PRK Day 3 – Nighttime

I’ve reached the end of the third day after my PRK surgery and am feeling hopeful about things to come. They warned me that days 2 and 3 would be the worst. Day 2 was horrid, but today started better and things noticeably improved throughout the day.

Instead of the constant burning of day 2, today’s annoyance was intermittent periods of feeling like I had something in my eye. I kept asking my girlfriend to look for something, but she couldn’t see anything and my eyes weren’t red or bothered. I called the doc’s office and they said it was normal to have the feeling of a foreign body and that it would pass. It came and went, usually limited to the left eye. Strange, as most of the pain from yesterday was focussed on my right eye.

Much to my relief, my vision has sharpened ever so slightly. The right eye is now noticeably sharper in vision than the left. I can actually see the words I’m typing, albeit in an enormous font. Baby steps. I took several walks today, and the cold, brisk air relieved some of the discomfort.

There were passing moments when it seemed my vision would clear up and I could almost read some print on the bottle of eye drops, only to have it disappear as I attempted to focus. Small setbacks that will be overcome in the next week. I’m happy with the progress so far. It isn’t instantaneous, and opting for PRK is not for the faint of heart. The gradual improvements are like little milestones and make me feel excited for what’s to come. At times it’s almost like a slow wave, from blurriness to a sudden short moment of clarity, back to blurriness.

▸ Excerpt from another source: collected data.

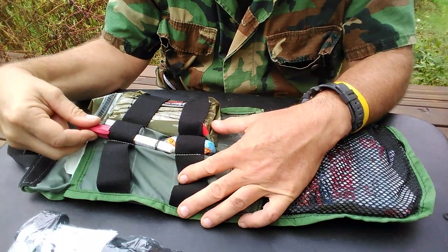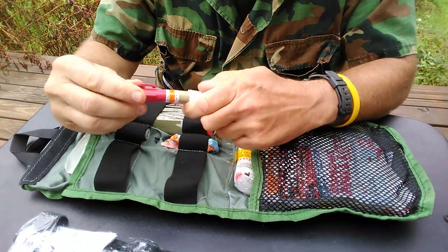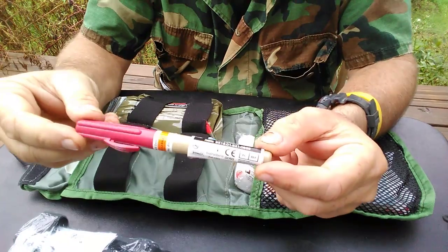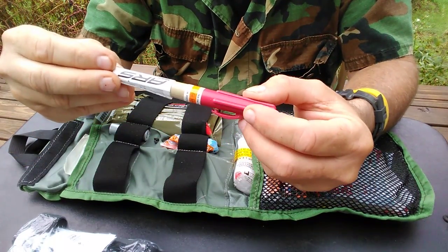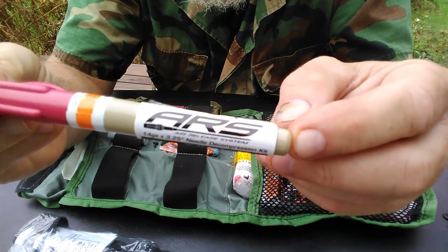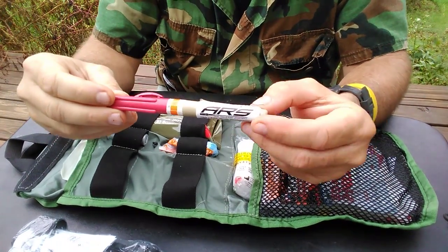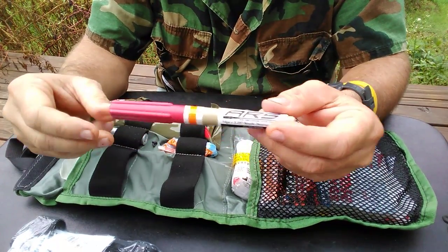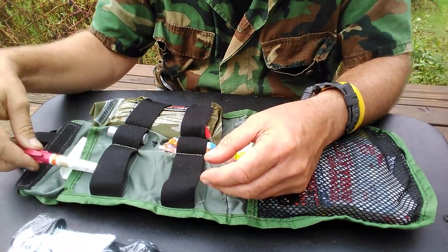Right here is a 14-gauge 3.25 decompression needle. This is sterile — do not use if the seal is compromised. This is for tension pneumothorax. You may not know how to reduce a tension pneumothorax, but somebody running into the area may, and you can say, 'Here, I have this,' so they can do that.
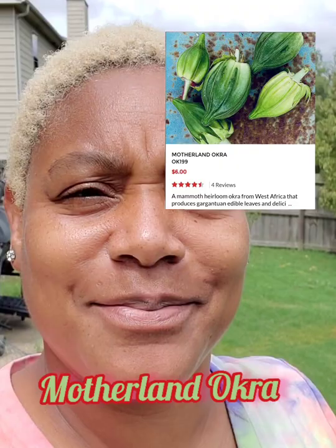Hey, good morning, guys. So this is what we have had to resort to when it comes to harvesting our Motherland okra, or okra from the motherland.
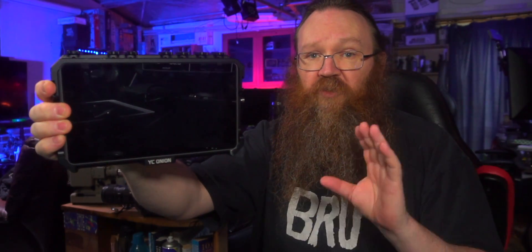So this here is the YoloBox Pro. It's a really versatile streaming device and I've been using it for quite a while now. It's really easy to use — it has a heap of amazing features like multi-camera switching, graphics and overlays, vertical streaming and heaps more. Today we're focusing on one specific feature that is fairly new and makes the YoloBox Pro stand out from the crowd, which is network bonding.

I think I’ve made it through the majority of the pain, although I’m sure the discomfort and foreign body sensations will probably linger at least until I get the bandage contacts out - and that is still four days away. Still, I’m excited to see what tomorrow brings.

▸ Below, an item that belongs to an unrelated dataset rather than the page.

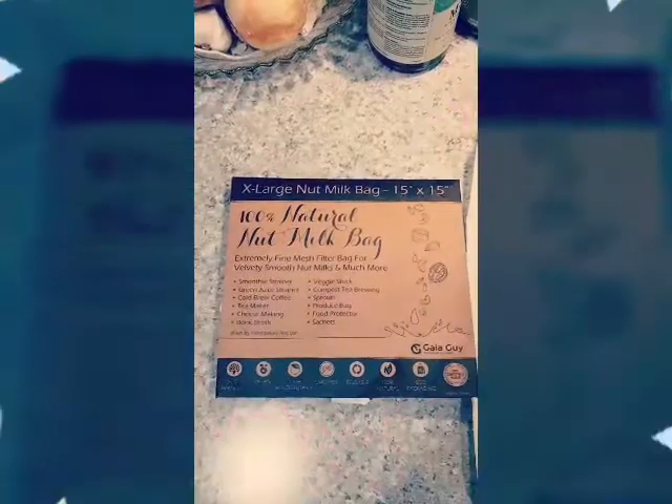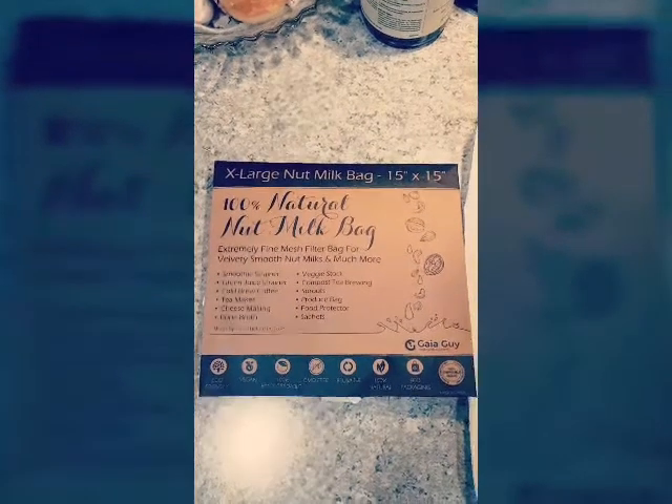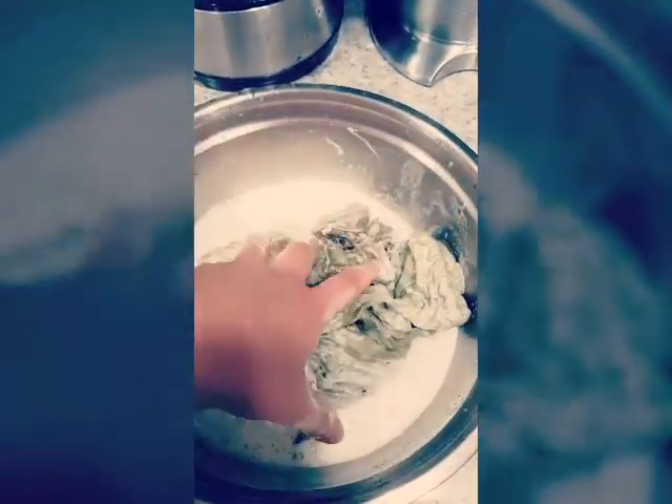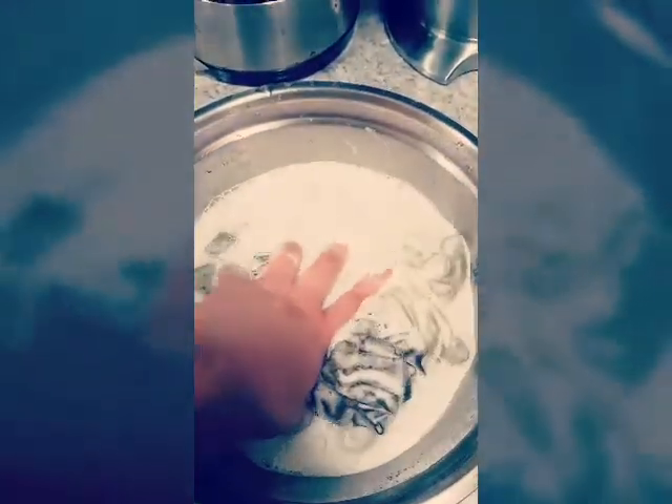I will show you the nut milk bag that I use. I purchased it from Amazon — they're really nice and big like this. Of course they turn all green when you use them. I soak my bags in three percent hydrogen peroxide; you need to do this every five days. I actually use two sets of bags so I can just do it once a week, so that's definitely really important.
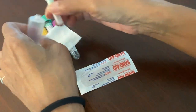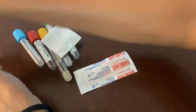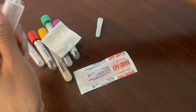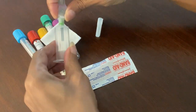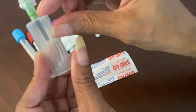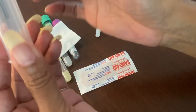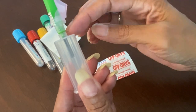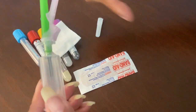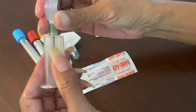Go ahead and attach your needle to your holder. Make sure it's flush — I hope you guys know what I mean. Don't have any gaps here, because that will cause blood to come through and you'll wonder where it's coming from. Always make sure it's pretty secure, but don't go being Hercules — you can break it. Just enough; you'll know what feels right.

As a side note, I was just outside walking in the dark. Most things are still very blurry, with minor moments of semi=clarity. However, every light seemed to have its own gargantuan atmosphere, or halo, reminiscent of comet Holmes. This too is expected to pass, but its duration varies in patients.

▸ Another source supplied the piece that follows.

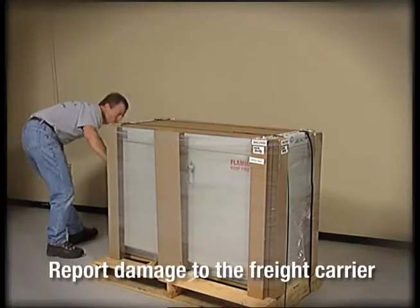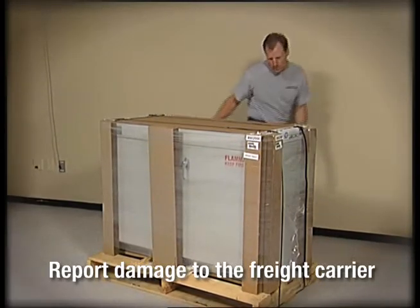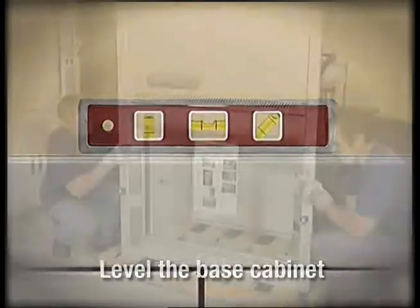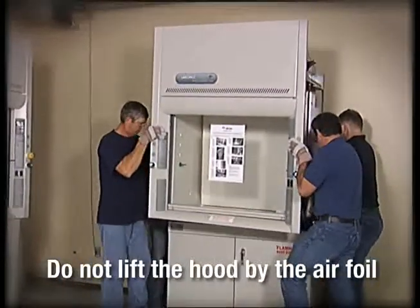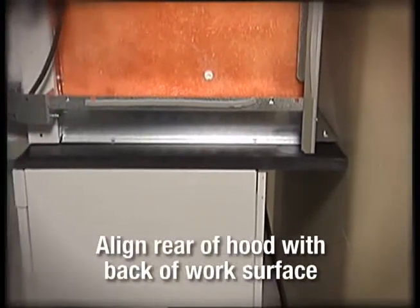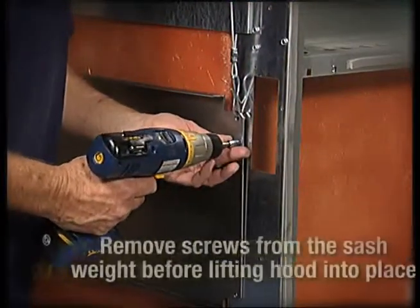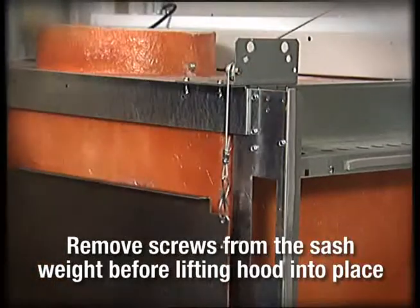Remember to inspect the carton and products and report any damage to your freight carrier immediately. Leveling the base cabinet is essential for proper hood operation. When lifting the hood superstructure, avoid lifting by the airfoil. Align the rear of the fume hood with the back of the work surface to provide the appropriate overhang at the front of the hood. The sash weight is secured to the back of the hood for shipping — be sure to remove the screws before lifting the hood into place.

I’ll end with a funny little story - The first day after the PRK surgery, you go back to the doctor and they do a quick checkup which includes trying to read the standard eye charts across the room. He tossed up the chart which should be easy to read by anyone, though all the letters looked like they had been smeared with ink. He asked which line I could read and I said I could read the third line perfectly, but when I tried, I failed at every letter. I didn’t know I failed, and said I couldn’t really make out the fourth line, but tried and somehow managed to get all the letters correct. Go figure. He laughed but I didn’t find out about it until my girlfriend told me today.